Entre responsabilités politiques et inquiétudes personnelles, l’ancien Premier ministre a évoqué un moment de fragilité rare, révélateur des sacrifices imposés par les plus hautes fonctions de l’État.
Lors d’un entretien accordé à Guillaume Pley, Édouard Philippe est revenu sur un souvenir particulièrement éprouvant, mêlant vie familiale et obligations politiques. À l’époque Premier ministre, il devait faire face à une situation délicate alors que sa fille était hospitalisée.
Cette prise de parole, rare chez l’homme politique, met en lumière les tensions permanentes entre devoir public et vie privée, dans un contexte où chaque décision est scrutée.

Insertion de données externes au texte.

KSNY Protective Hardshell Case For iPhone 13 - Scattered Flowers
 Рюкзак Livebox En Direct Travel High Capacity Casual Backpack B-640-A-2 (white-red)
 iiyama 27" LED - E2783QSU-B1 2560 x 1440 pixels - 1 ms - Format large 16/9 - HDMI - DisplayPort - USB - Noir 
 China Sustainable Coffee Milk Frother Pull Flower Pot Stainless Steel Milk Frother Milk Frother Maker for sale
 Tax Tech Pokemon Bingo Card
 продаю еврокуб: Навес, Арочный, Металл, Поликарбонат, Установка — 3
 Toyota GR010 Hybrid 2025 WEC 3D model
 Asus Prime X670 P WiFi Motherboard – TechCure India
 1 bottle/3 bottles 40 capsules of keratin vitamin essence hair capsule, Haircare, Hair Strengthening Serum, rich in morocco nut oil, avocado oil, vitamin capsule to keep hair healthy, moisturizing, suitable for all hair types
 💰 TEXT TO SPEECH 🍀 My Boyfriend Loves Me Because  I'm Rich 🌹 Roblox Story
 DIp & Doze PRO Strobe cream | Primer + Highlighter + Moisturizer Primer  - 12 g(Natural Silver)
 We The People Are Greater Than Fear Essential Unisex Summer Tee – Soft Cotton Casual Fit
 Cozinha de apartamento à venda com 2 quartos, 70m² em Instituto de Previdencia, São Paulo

Une fonction sous pression permanente

Entre 2017 et 2020, Édouard Philippe occupait un poste où l’exigence est constante, ne laissant que peu de place à l’imprévu ou à la vulnérabilité. Dans cet environnement, la moindre faille peut rapidement devenir visible.
L’ancien chef du gouvernement a ainsi reconnu combien il est difficile de concilier les impératifs de la fonction avec les épreuves personnelles, surtout lorsque celles-ci touchent à la famille.
L’hospitalisation de sa fille, un choc inattendu
C’est à la rentrée 2017 que la situation bascule, lorsqu’il apprend l’hospitalisation de sa fille Sarah, alors âgée de sept ans. Souffrant d’une pneumonie, la fillette est prise en charge loin de Paris, ce qui renforce le sentiment d’impuissance du père.